(Source data)
#####

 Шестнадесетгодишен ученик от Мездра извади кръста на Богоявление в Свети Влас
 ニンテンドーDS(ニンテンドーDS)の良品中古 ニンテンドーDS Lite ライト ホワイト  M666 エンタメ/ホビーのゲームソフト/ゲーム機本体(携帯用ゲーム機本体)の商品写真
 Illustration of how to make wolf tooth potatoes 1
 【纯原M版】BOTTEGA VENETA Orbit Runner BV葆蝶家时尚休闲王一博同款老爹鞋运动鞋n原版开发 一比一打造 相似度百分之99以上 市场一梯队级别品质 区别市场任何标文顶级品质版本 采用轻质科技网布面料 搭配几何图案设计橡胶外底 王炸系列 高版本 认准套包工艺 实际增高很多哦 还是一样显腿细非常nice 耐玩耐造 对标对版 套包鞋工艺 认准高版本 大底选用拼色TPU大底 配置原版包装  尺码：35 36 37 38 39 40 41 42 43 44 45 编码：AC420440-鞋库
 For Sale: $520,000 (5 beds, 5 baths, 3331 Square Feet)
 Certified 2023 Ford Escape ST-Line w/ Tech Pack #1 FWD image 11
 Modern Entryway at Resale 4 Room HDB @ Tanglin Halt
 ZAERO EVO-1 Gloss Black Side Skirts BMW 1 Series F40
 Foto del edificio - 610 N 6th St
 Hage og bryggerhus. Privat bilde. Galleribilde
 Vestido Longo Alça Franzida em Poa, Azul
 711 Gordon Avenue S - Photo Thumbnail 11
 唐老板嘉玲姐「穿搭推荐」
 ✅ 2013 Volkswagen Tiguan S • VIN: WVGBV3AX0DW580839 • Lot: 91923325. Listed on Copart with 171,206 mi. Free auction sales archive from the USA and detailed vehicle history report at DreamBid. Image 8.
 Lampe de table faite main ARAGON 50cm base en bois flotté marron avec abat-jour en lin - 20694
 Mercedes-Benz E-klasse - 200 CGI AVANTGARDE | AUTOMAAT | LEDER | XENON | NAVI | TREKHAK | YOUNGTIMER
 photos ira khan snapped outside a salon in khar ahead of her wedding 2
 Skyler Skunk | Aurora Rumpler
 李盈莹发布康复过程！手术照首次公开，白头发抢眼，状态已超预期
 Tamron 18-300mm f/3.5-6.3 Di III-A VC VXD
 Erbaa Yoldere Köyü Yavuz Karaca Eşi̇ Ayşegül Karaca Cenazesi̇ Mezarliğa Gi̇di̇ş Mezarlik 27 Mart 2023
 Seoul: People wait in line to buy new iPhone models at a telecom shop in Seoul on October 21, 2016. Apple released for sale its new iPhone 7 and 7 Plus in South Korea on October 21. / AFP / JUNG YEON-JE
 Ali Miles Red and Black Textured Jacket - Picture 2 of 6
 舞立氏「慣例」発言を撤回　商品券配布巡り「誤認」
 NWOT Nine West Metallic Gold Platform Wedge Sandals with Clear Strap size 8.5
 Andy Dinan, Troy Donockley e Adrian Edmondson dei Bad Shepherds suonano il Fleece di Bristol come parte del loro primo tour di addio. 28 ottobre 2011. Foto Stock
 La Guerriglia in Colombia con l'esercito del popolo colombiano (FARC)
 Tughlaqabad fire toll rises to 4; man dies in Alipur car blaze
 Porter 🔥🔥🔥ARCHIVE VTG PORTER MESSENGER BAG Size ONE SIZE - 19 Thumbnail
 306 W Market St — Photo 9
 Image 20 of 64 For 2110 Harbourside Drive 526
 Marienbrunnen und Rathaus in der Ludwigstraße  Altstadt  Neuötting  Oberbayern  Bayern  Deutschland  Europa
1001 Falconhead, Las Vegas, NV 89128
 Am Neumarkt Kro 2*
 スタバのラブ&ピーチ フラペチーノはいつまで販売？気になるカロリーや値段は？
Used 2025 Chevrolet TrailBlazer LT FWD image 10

#####

Task instructions ->
If a line of the entries above includes the word "with", count it; then state the total and nothing else.

Answer below ->
2